I’m not disputing such stories are genuine news; indeed, I put them online myself.
I’m just amazed at how avidly the reading public lapped them up. I reckon that we are so risk averse these days that something which would barely raise a shrug 20 years ago, such as arachnids and ants, are now Halloween scare stories.
However, forget spiders and salmonella, if you want really big web hits, all you need to do is post a shock weather story.
This is pretty easy as there are meteorologists out there who specialise in worst case scenarios and will happily tell you there is a small risk of a tornado emerging from turbulence created by a hot day in Spain.
Even if you run the story saying there is only a 20 percent possibility of this actually happening, there’s still a spike in website traffic.
Traffic volume
Before the days of digital journalism you would be laughed off the streets if your weatherman predicted a tornado and not a leaf stirred. But like it or not, that’s the reality of fast-moving web reporting where you live or die by volume of traffic.
You simply cannot ignore those maybe-it-will-happen stories as the public obviously love reading them.

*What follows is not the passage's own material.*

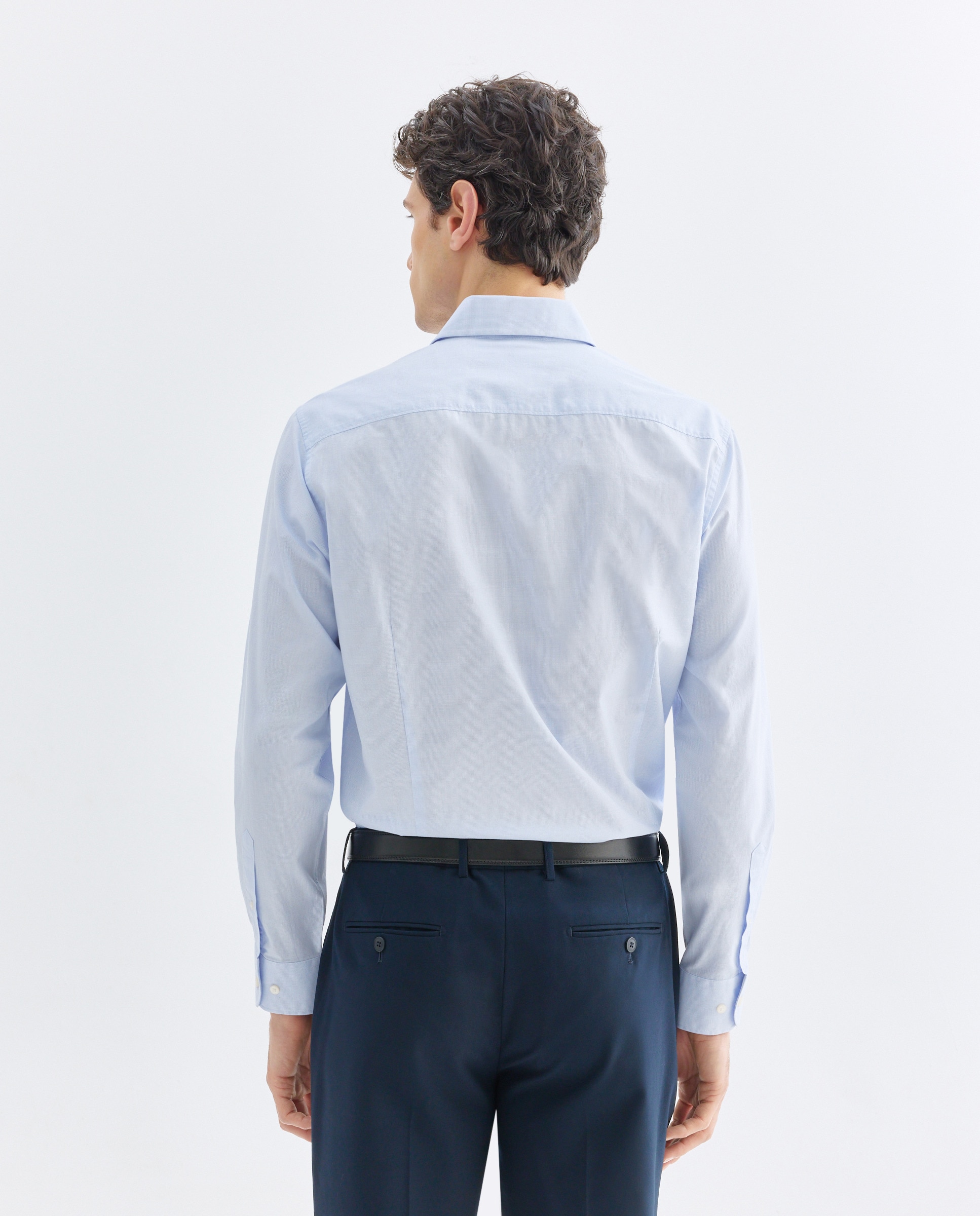Camisa vestir hombre lisa slim fit 410 Azul claro-3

Even worse, headlines that make grumpy old-timers like me cringe such as ‘Is this the cutest baby ever?’ are usually the ones that go viral.

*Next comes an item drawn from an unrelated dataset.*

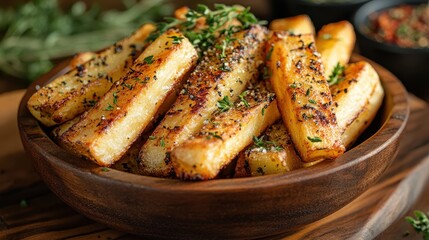 Fries served in a wooden bowl, garnished with herbs and spices for a gourmet touch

Indeed, when I write a story much effort is spent on the headline. I write one to catch the eye of Internet search engines; one for social media (is this the cutest/biggest/worst etc) and one for our website’s homepage where you can use puns and words that Google doesn’t understand.
For example, our catchment area is Buckinghamshire, but everyone just says Bucks. However, if you use ‘Bucks’ in a search engine headline, Google thinks you are talking about a herd of Kudu and won’t direct the story to the correct audience.
But perhaps our biggest hot news let-down was when we ran a story on a controversial High Speed Rail project being built through a greenbelt in Buckinghamshire.
We also ran, on the same day, a story headlined ‘When do the clocks go forward for summer?’ (Answer – the same as they have always done: the last weekend of March).
Guess what got more traffic?
Right. Which reminds me, it’s time to put up the ‘When do clocks go back for winter’ story.